◆ **Work item**: Where a picture appears, leave it out, and print the rest of the records as they are.

◆ **Records to process**:
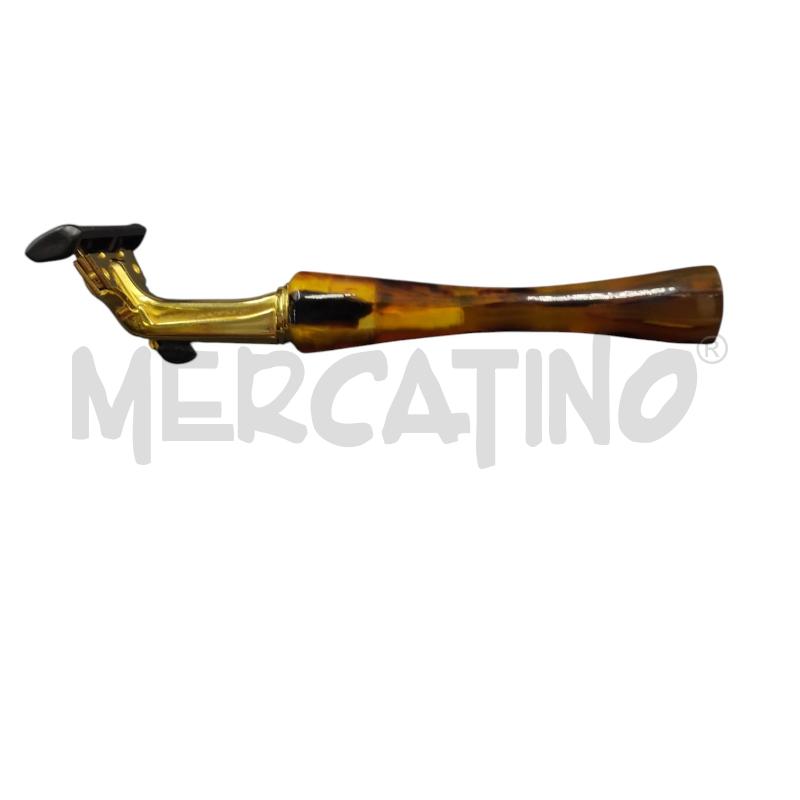 RASOIO GILLET VINTAGE | Mercatino dell'Usato Bernareggio 3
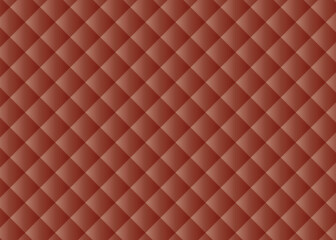 luxury 3D pattern background design Vector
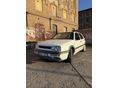 VOLKSWAGEN GOLF III 1.9 TDI GL
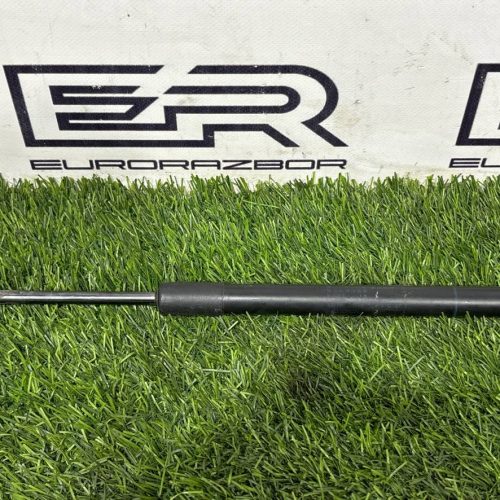 Амортизатор капота BMW Х5 М F15/F85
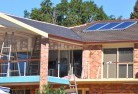 Mount Saint Thomashome-extensions-6.jpg; ?>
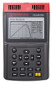 Amprobe SOLAR-600 Solar Power Analyzer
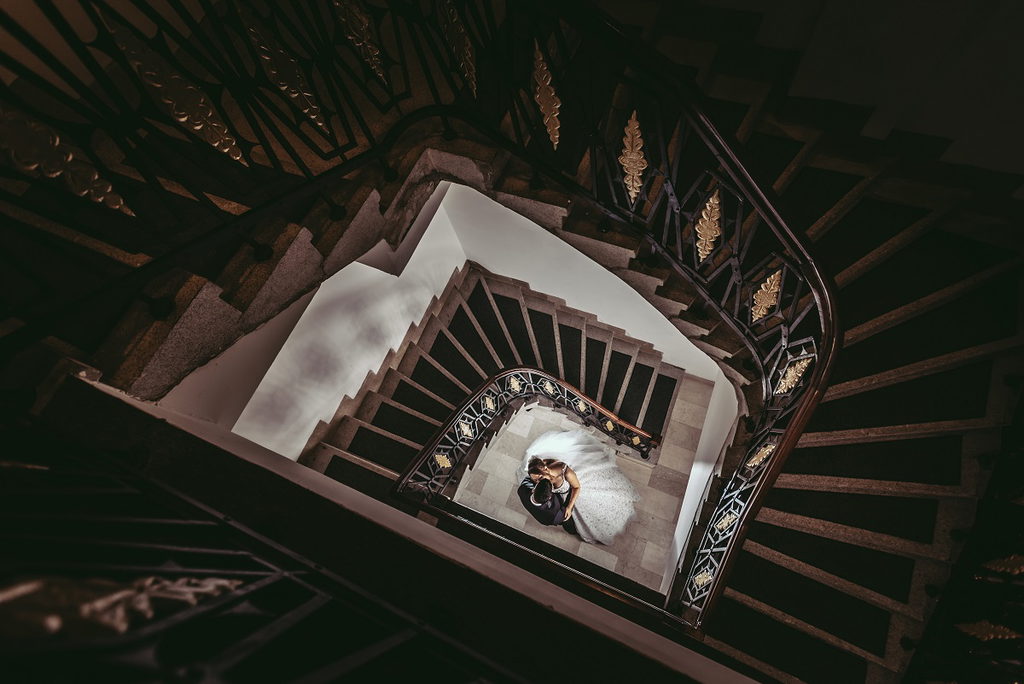 Stalexphotography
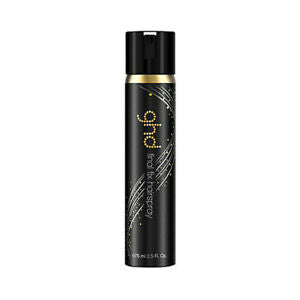 GHD Style Final Fix Hairspray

◆ **Reply to the task**:
 RASOIO GILLET VINTAGE | Mercatino dell'Usato Bernareggio 3
 luxury 3D pattern background design Vector
 VOLKSWAGEN GOLF III 1.9 TDI GL
 Амортизатор капота BMW Х5 М F15/F85
 Mount Saint Thomashome-extensions-6.jpg; ?>
 Amprobe SOLAR-600 Solar Power Analyzer
 Stalexphotography
 GHD Style Final Fix Hairspray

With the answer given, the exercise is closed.